_Work request:_ Find and copy every line in the records that includes the string "Benz".
START Dataset excerpts
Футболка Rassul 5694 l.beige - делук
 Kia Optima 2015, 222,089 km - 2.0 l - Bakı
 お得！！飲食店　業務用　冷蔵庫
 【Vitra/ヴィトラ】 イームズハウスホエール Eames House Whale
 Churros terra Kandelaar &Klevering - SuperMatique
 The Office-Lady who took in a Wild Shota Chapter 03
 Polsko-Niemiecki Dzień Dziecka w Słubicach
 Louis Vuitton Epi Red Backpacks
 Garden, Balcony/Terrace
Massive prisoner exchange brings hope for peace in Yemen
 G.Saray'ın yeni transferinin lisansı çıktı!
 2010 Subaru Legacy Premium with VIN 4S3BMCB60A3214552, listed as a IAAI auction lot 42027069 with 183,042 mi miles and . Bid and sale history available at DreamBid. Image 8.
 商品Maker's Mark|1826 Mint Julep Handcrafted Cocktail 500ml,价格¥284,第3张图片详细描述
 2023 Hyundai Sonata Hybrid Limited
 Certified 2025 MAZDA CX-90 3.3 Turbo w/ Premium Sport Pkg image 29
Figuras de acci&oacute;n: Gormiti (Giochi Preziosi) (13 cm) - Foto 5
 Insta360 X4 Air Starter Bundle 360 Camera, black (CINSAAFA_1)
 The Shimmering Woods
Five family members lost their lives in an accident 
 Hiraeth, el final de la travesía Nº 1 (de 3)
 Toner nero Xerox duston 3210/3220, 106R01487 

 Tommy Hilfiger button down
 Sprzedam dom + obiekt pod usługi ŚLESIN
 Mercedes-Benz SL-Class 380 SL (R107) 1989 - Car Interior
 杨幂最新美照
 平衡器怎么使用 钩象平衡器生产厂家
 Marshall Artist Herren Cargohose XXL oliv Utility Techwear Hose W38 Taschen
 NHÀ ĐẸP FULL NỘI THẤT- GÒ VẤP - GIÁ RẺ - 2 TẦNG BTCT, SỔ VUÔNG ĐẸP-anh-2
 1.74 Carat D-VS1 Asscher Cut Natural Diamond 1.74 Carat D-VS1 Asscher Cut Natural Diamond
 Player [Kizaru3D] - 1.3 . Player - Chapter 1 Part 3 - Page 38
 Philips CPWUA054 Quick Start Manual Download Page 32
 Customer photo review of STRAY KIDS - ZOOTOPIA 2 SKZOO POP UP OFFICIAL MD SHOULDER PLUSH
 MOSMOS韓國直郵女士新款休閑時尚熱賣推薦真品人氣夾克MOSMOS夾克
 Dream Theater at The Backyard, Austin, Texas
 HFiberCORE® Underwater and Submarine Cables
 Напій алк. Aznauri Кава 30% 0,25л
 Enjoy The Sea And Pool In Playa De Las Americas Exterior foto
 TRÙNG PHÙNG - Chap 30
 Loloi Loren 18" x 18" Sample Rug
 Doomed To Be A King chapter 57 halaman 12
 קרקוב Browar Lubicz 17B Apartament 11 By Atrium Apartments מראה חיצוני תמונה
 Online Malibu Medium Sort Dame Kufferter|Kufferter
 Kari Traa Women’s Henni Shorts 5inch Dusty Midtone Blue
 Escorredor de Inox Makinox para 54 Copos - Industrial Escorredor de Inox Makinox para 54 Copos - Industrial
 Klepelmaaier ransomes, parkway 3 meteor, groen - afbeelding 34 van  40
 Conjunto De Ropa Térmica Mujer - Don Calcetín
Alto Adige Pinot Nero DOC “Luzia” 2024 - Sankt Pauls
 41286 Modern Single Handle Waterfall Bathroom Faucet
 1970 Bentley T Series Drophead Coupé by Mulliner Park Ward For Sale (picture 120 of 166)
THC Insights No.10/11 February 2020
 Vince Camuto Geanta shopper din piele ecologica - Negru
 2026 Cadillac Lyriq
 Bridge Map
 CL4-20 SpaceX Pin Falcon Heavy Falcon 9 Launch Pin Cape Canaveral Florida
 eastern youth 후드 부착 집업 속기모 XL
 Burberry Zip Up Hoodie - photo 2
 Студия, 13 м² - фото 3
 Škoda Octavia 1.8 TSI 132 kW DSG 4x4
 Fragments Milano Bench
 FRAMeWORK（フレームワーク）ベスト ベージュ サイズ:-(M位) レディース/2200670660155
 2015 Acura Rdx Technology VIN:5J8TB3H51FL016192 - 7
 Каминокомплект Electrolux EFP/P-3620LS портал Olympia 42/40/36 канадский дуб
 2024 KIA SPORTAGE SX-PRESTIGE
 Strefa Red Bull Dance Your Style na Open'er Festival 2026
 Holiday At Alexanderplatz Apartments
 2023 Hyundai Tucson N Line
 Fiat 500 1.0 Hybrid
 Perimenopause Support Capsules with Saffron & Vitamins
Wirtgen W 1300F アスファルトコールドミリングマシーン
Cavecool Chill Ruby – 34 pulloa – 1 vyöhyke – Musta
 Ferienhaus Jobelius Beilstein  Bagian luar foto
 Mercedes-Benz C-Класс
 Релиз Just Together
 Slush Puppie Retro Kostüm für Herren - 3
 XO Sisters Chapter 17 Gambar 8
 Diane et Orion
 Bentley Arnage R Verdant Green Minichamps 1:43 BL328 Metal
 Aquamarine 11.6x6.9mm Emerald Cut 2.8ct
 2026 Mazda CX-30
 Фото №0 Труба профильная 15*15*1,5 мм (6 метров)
END Dataset excerpts
_Result:_
 Mercedes-Benz SL-Class 380 SL (R107) 1989 - Car Interior
 Mercedes-Benz C-Класс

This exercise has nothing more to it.